Nesse conto, de imediato notamos uma diferença em relação à obra de Kafka: aqui, é uma barata que se torna humano, um dos líderes da Inglaterra, o primeiro-ministro britânico. Com o poder nas mãos de uma barata, o que está por vir é uma série de desastres políticos e econômicos, e o autor até cria uma corrente econômica para ampliar a verossimilhança de tudo, o Reversalismo. .

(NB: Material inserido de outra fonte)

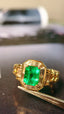 14K GOLD 1.28 CTW NATURAL EMERALD & DIAMOND RING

Segundo essa corrente, a economia passaria a funcionar de forma contrária, com as pessoas pagando para trabalhar e comprando para receber. A única ressalva é que tudo o que recebesse em dinheiro deveria ser pago trabalhando: uma ideia estapafúrdia como algumas que circulam na realidade. .

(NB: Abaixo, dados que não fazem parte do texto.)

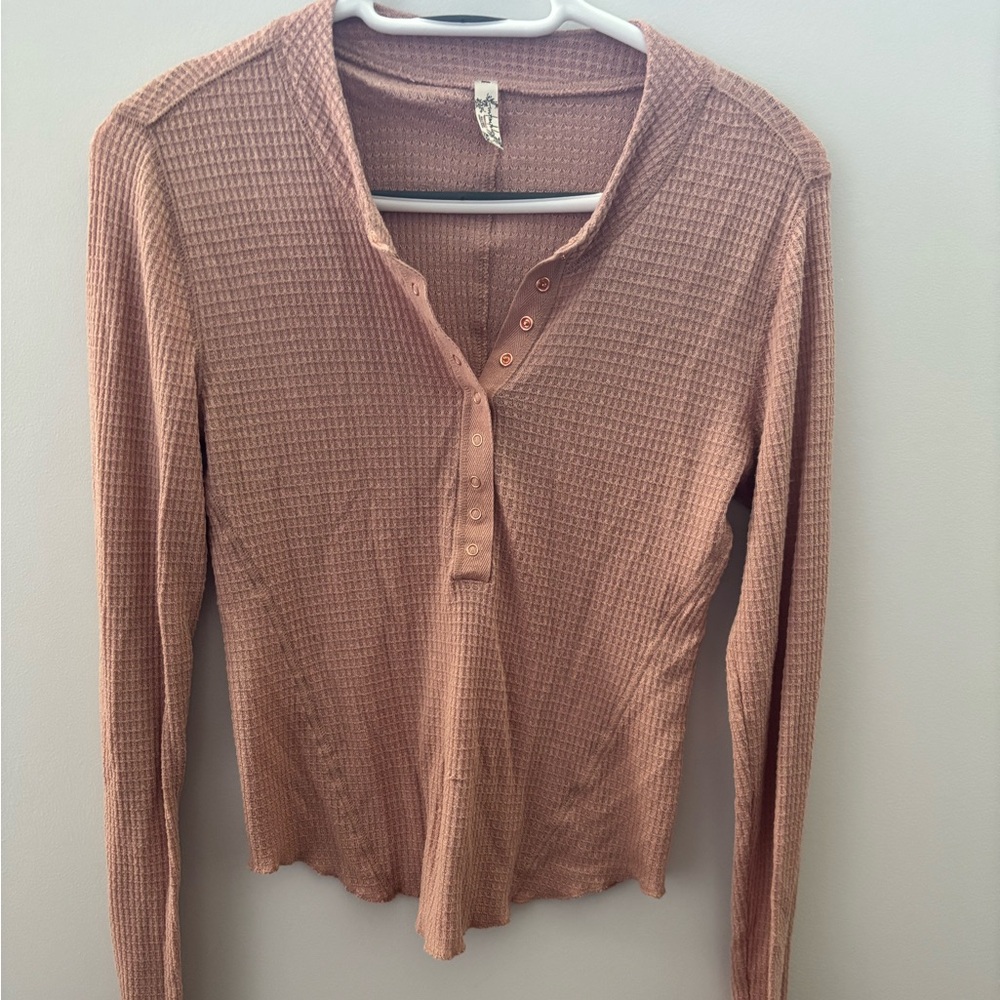 Free People Textured Button Down Shirt in Peach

Além desse diálogo mais evidente com Kafka, há também a presença da atmosfera de pesadelo/absurdo, devido às ideias que começam a avançar entre as lideranças políticas inglesas e de outras partes do mundo. Isso porque, outras baratas também tomam a forma humana e assumem o poder em outros locais, em especial nos Estados Unidos. Tudo isso representa o crescimento da extrema-direita em todo o mundo, como explica no posfácio da obra. .
Há no conto um humor ácido, que, ao mesmo tempo que diverte, incomoda, pois as referências com a realidade são perceptíveis, em especial os dialógos entre o primeiro-ministros e o presidente dos EUA, com menção a como usar as redes sociais e mobiliar . .
Em tempo desastrosos, A barata não apenas retrata de forma alegórica isso, mas o faz de forma inteligente, em um constante diálogo com o universo de Kafka, talvez o único que consiga nos explicar algo. Vale destacar também a sacada do autor em refletir sobre isso através da literatura enquanto tudo isso está em andamento, algo que não se vê muito nas produções atuais – na verdade, não me vem nenhuma obra que tenha feito isso. .
Há também um diálogo com as sátiras políticas de Jonathan Swift, mais vinculadas aos clássicos da literatura inglesa, que não conheço, mas que, junto com Kafka, alimentam a sátira de McEwan. .
Portanto, A barata é um conto que veio em momento oportuno, ajudando a entender um pouco tudo isso que estamos vivenciando, divertindo em tempos sombrios e nos dando um exemplo de como a literatura ultrapassa as fronteiras das palavras.